In previous posts, I’ve talked about the importance of naming to make it easier for whoever maintains the code. One thing I’ve left out is the importance of not misusing standard names.
Naming Fail
In a previous position, I was manipulating a collection of data, when I hit a bug. After running some new code, the collection was a couple of items shorter than it had been. After quite a bit of troubleshooting, I tracked the problem to a method on the collection object named sort
. I was somewhat surprised to find that this method removed items from the container while sorting. In fact, this was such a surprising result, that I didn’t even check for it during most of the troubleshooting. What I discovered was that sort
didn’t just sort the collection, it also removed duplicates.
Unfortunately, this violates the Principle of Least Surprise.

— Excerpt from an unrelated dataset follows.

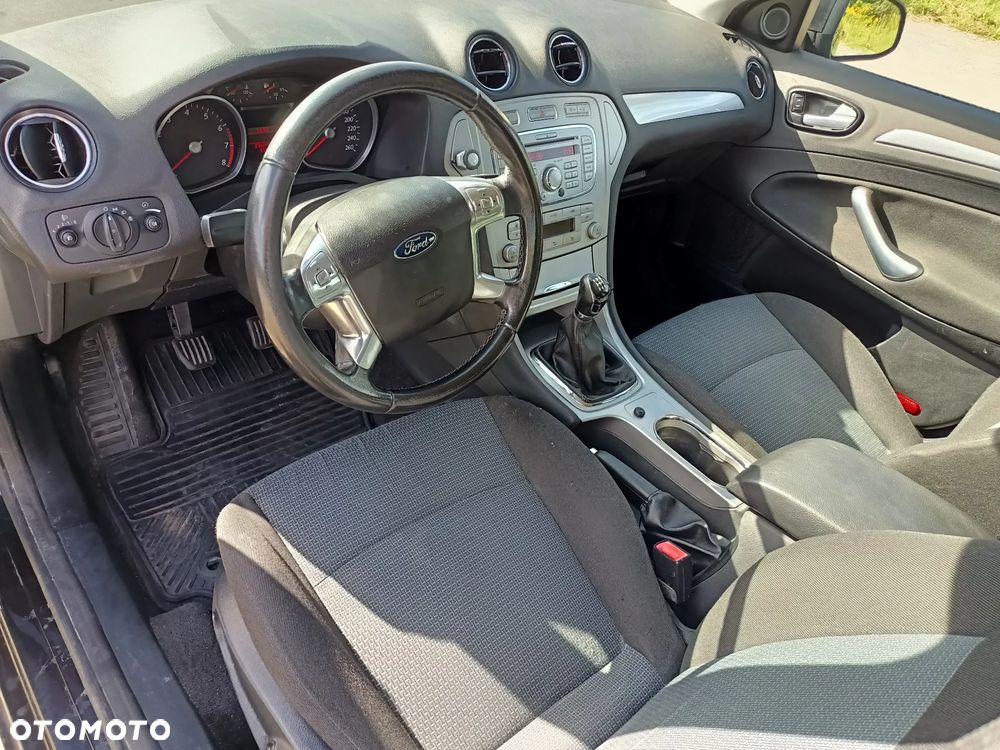 Ford Mondeo 2.0 Ambiente - 15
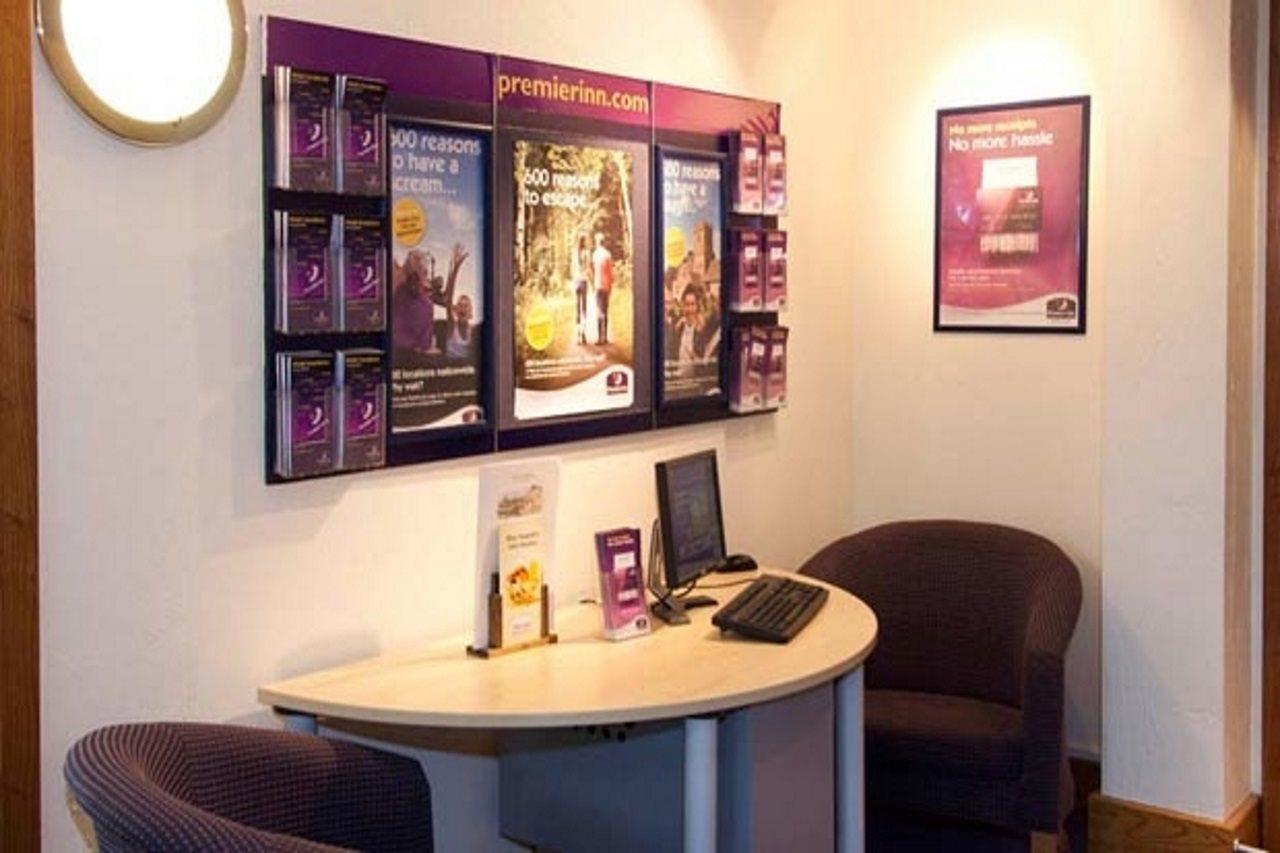 Premier Inn Manchester - Handforth Exteriör bild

Every (other) sort algorithm I have ever seen has taken a list or array and returned another with the following properties:
- Contained only elements from the original
- Contains all elements from the original
- Are ordered based on the supplied comparison
Since generating a unique sorted list is useful, many libraries have some form of uniq
method. In a few cases, you might find a combined method or an option that can be supplied to the sort function. (An example would be the -u
options for the Unix sort
utility.)
Better Name
In the example, the method did exactly what it was designed to do. The original programmer even argued that we were never going to want the container to have duplicates in this system. So having a sort
that didn’t remove duplicates was useless. (I also argued that we should have avoided inserting duplicates into the container, if there should never be duplicates.) Although he had a point, the name is still wrong. The method should have been called sort_and_uniq()
or unique_sort()
or even sort_u()
. Any other name would have served as a warning to any maintainer that the method does more than just sort.
Using the name sort
in that case is a bad name, because it violates the expectations of the maintenance programmers.